- THE TASK
Your output should consist solely of the lines from the one with "Stir fried lotus root slices" through the end of the records, reproduced exactly, both ends included.

- INFORMATION GIVEN
○ ○ ○ ○ ○

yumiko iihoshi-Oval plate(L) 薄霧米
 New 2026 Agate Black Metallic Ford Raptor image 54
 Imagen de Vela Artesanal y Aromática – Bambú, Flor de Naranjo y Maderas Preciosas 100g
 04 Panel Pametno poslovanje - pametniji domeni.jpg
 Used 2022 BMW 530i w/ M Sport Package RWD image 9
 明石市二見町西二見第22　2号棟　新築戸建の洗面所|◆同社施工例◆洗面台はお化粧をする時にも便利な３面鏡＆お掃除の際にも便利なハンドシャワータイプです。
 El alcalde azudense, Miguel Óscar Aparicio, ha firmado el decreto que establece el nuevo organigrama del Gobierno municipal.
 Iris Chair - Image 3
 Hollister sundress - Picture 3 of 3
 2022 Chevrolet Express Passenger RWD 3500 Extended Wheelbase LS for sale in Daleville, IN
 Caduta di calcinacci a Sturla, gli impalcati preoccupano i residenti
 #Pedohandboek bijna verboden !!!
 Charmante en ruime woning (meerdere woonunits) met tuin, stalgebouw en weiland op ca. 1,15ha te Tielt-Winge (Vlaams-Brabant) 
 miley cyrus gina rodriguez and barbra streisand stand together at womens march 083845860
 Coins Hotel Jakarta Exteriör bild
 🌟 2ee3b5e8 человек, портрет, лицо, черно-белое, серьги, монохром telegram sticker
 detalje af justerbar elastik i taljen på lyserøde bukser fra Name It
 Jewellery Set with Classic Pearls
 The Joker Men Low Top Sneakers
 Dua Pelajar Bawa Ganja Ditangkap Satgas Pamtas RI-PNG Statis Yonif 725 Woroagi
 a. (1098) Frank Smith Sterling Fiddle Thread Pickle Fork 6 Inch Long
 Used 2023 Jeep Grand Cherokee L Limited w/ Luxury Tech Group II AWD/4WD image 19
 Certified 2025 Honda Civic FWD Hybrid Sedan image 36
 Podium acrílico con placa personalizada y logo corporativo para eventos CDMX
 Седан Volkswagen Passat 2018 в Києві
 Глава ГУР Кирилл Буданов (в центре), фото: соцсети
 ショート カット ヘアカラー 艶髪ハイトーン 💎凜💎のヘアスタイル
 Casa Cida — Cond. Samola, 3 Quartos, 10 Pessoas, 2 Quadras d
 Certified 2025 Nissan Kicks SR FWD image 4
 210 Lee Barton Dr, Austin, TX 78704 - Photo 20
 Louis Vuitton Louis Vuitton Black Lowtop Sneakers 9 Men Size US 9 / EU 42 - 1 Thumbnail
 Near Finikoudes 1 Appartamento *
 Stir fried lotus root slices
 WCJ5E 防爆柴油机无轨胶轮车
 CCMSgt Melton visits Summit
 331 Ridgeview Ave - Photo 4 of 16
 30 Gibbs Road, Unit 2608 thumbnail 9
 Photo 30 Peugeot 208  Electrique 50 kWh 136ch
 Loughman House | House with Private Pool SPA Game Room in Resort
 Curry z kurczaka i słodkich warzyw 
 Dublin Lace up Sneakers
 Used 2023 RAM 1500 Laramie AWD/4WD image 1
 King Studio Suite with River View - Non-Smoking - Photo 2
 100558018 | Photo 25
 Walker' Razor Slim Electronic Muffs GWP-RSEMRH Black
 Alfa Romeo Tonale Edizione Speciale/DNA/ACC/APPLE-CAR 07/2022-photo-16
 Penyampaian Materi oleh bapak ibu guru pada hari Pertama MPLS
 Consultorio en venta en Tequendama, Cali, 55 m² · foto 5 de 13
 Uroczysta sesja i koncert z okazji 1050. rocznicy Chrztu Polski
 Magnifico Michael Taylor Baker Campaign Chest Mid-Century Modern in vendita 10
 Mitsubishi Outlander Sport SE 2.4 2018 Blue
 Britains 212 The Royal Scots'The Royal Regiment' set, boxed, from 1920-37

○ ○ ○ ○ ○

- ANSWER BOX
 Stir fried lotus root slices
 WCJ5E 防爆柴油机无轨胶轮车
 CCMSgt Melton visits Summit
 331 Ridgeview Ave - Photo 4 of 16
 30 Gibbs Road, Unit 2608 thumbnail 9
 Photo 30 Peugeot 208  Electrique 50 kWh 136ch
 Loughman House | House with Private Pool SPA Game Room in Resort
 Curry z kurczaka i słodkich warzyw 
 Dublin Lace up Sneakers
 Used 2023 RAM 1500 Laramie AWD/4WD image 1
 King Studio Suite with River View - Non-Smoking - Photo 2
 100558018 | Photo 25
 Walker' Razor Slim Electronic Muffs GWP-RSEMRH Black
 Alfa Romeo Tonale Edizione Speciale/DNA/ACC/APPLE-CAR 07/2022-photo-16
 Penyampaian Materi oleh bapak ibu guru pada hari Pertama MPLS
 Consultorio en venta en Tequendama, Cali, 55 m² · foto 5 de 13
 Uroczysta sesja i koncert z okazji 1050. rocznicy Chrztu Polski
 Magnifico Michael Taylor Baker Campaign Chest Mid-Century Modern in vendita 10
 Mitsubishi Outlander Sport SE 2.4 2018 Blue
 Britains 212 The Royal Scots'The Royal Regiment' set, boxed, from 1920-37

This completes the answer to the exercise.